*** Stored data Section Begins ***
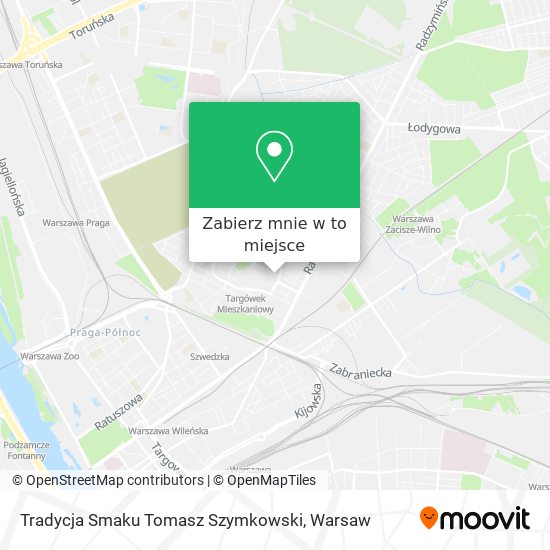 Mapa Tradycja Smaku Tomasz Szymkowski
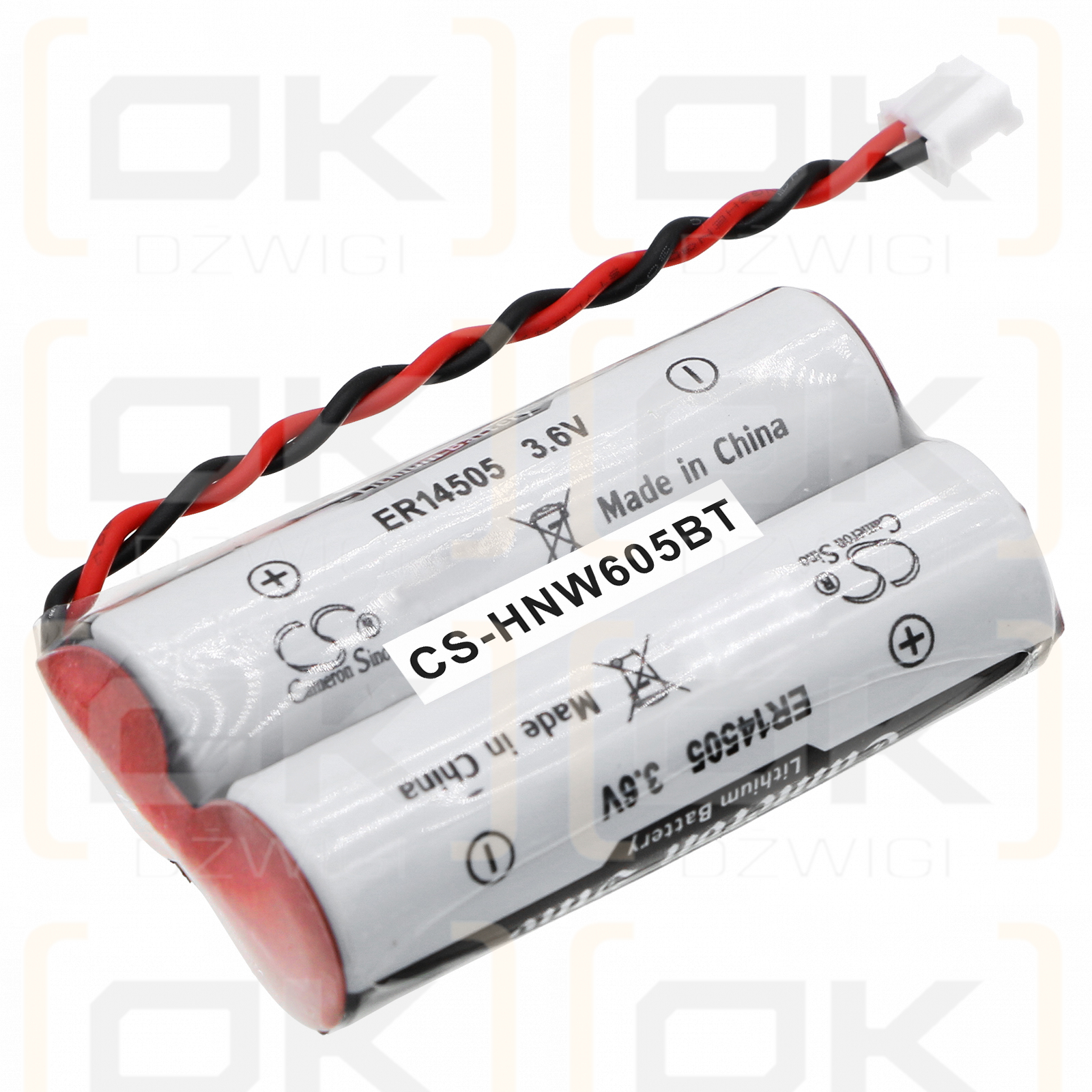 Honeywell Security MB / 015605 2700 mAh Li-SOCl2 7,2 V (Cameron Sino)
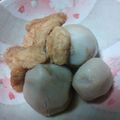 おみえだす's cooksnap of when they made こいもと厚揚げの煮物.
*** Stored data Section Ends ***
*** Stored data Section Begins ***
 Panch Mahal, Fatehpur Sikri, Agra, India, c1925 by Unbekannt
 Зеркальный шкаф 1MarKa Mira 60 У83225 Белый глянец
*** Stored data Section Ends ***
Exercise instructions: From the records above, write out exactly the lines that begin at the line with "Honeywell Security MB" and end at the line with "おみえだす's cooksnap of". Pictures must not appear in the output.

Response to this exercise:
 Honeywell Security MB / 015605 2700 mAh Li-SOCl2 7,2 V (Cameron Sino)
 おみえだす's cooksnap of when they made こいもと厚揚げの煮物.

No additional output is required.